:: GIVEN DATA ::

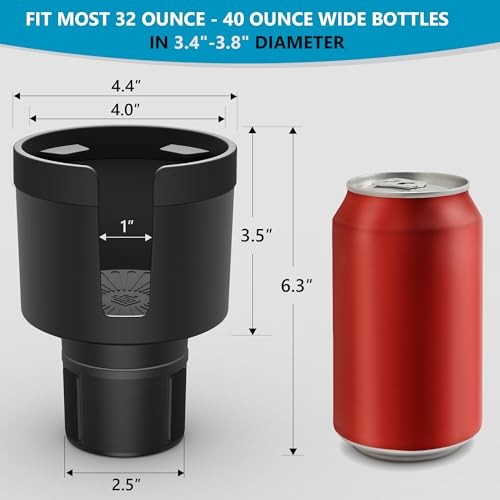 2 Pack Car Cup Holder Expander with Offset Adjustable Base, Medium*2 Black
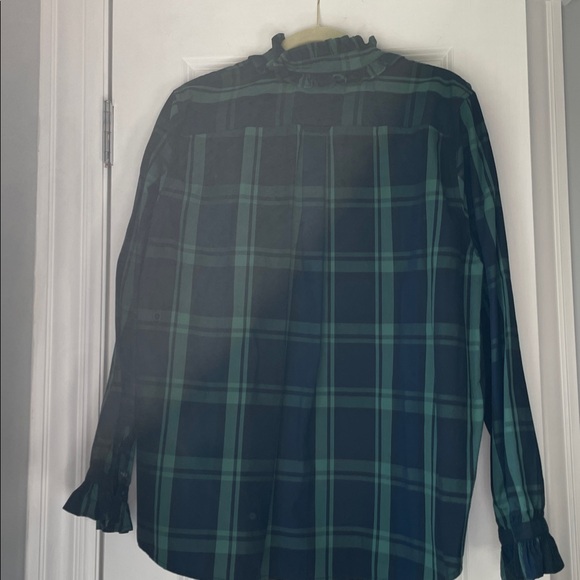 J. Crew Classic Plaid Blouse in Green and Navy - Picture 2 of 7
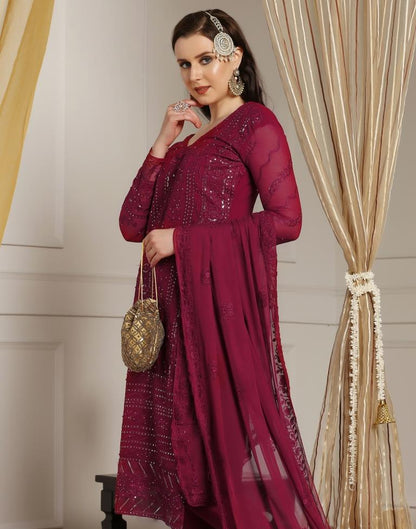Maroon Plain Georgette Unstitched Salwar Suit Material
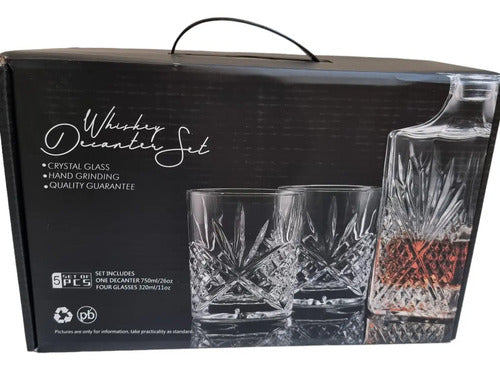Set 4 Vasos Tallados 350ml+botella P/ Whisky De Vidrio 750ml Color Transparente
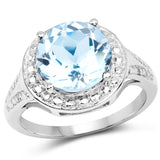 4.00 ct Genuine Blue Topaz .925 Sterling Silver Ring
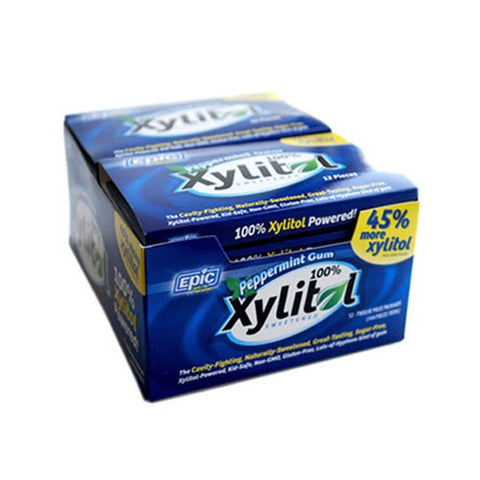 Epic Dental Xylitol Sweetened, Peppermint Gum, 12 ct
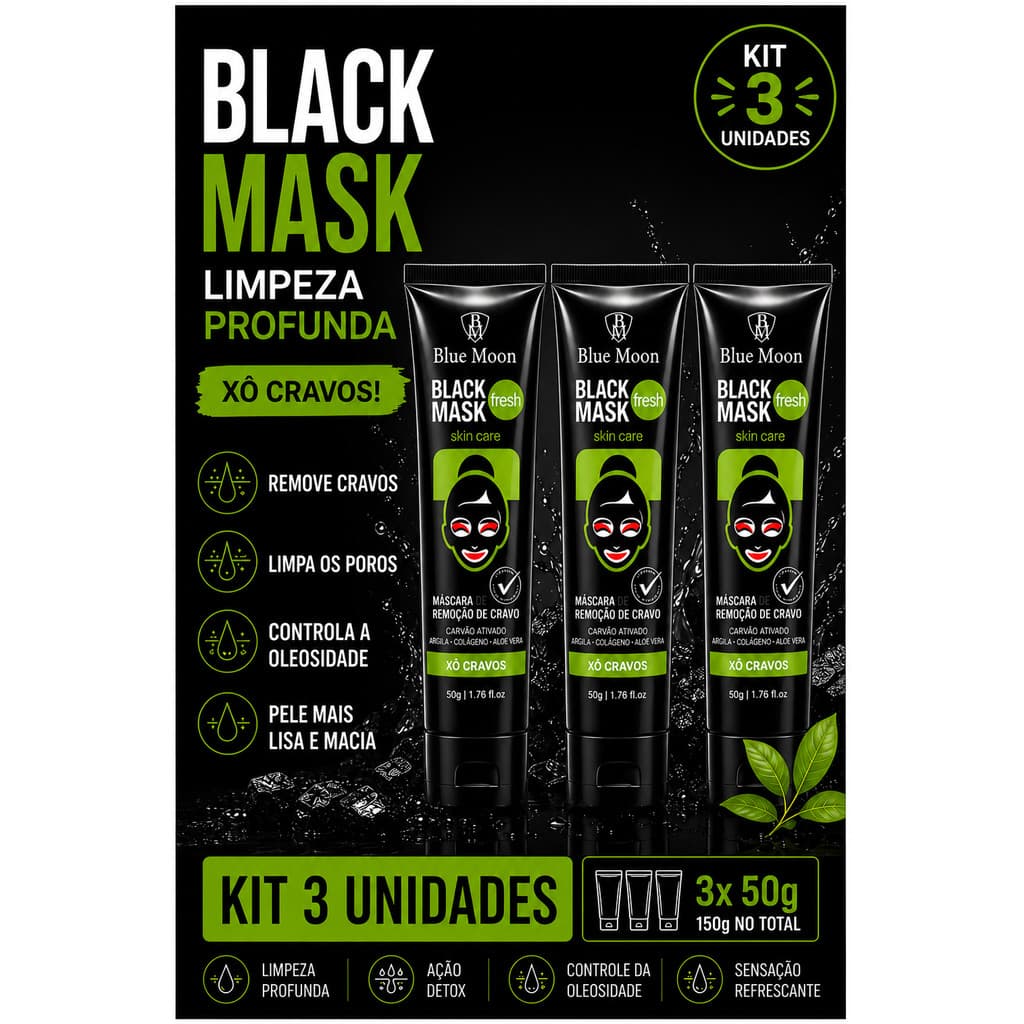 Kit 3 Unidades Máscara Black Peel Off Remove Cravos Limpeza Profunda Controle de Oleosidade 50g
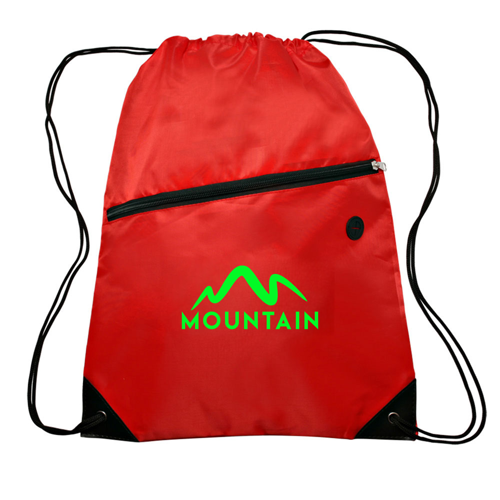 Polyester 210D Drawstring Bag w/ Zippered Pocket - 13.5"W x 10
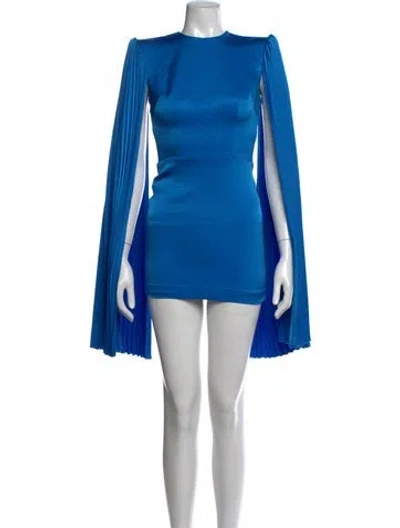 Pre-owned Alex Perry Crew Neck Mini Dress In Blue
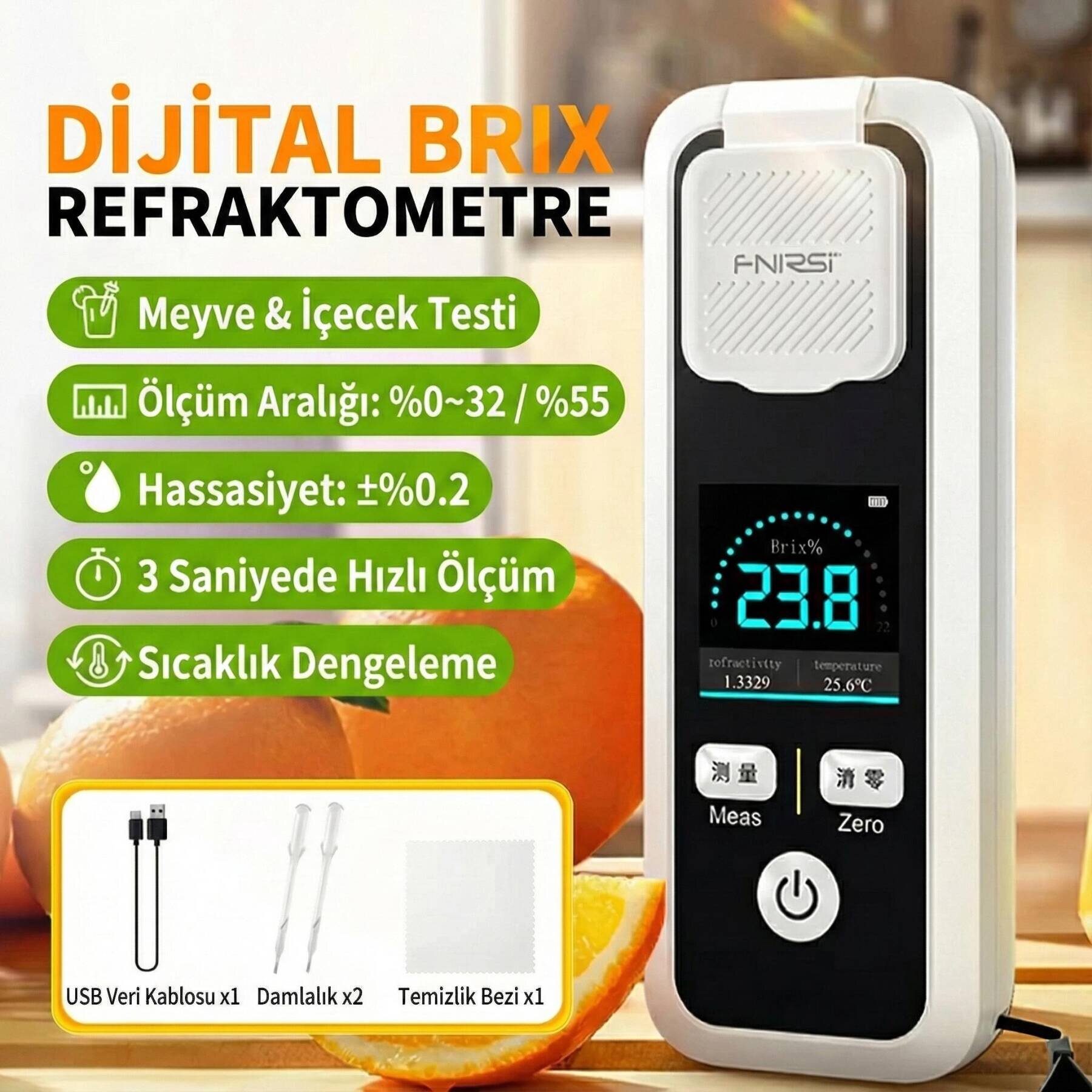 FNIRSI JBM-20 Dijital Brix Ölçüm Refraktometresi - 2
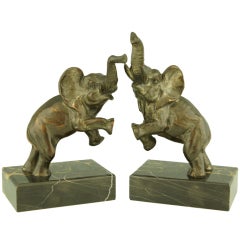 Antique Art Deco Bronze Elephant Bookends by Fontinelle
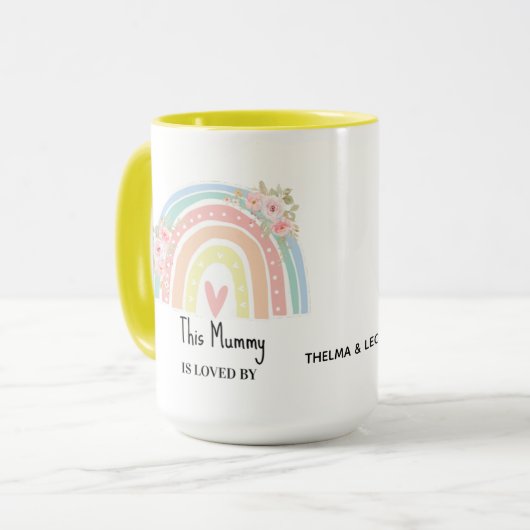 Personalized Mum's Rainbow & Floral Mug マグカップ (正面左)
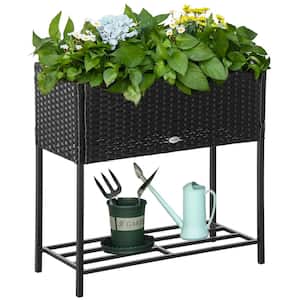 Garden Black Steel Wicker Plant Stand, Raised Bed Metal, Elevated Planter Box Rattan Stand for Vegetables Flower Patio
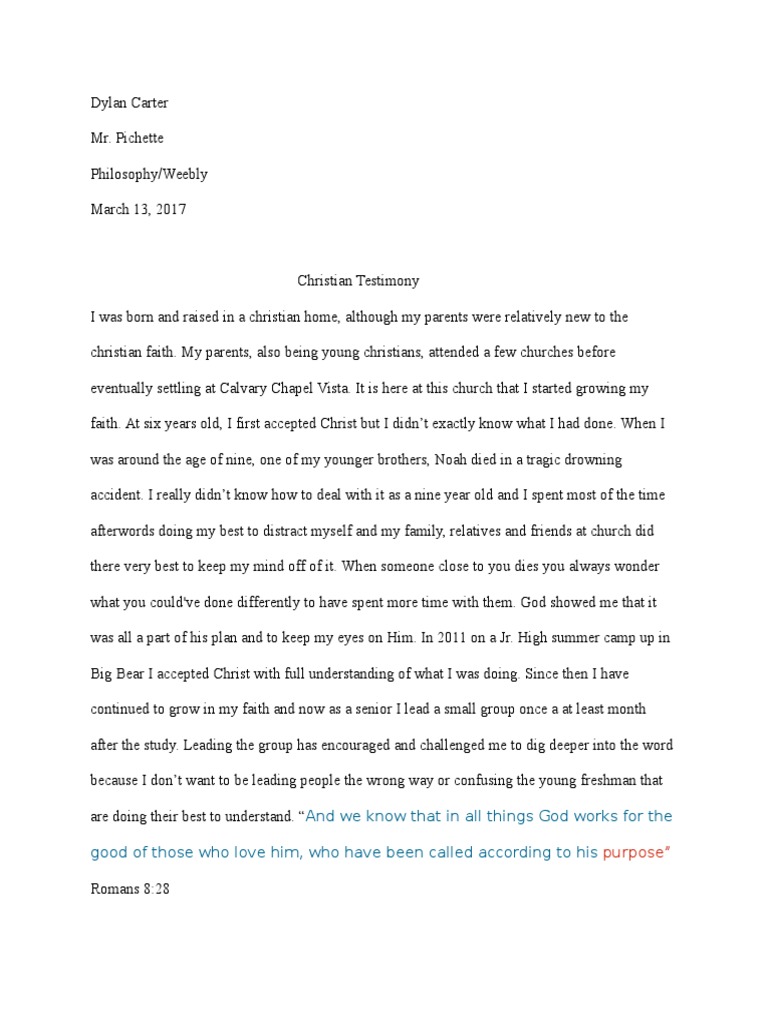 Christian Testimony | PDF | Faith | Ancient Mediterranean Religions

:::

**TASK INSTRUCTIONS**
Give back an exact repeat of the lines from the top of the data through the line that holds "Epic Dental Xylitol", both included, and omit pictures.

**ANSWER BELOW**
 2 Pack Car Cup Holder Expander with Offset Adjustable Base, Medium*2 Black
 J. Crew Classic Plaid Blouse in Green and Navy - Picture 2 of 7
Maroon Plain Georgette Unstitched Salwar Suit Material
Set 4 Vasos Tallados 350ml+botella P/ Whisky De Vidrio 750ml Color Transparente
 4.00 ct Genuine Blue Topaz .925 Sterling Silver Ring
 Epic Dental Xylitol Sweetened, Peppermint Gum, 12 ct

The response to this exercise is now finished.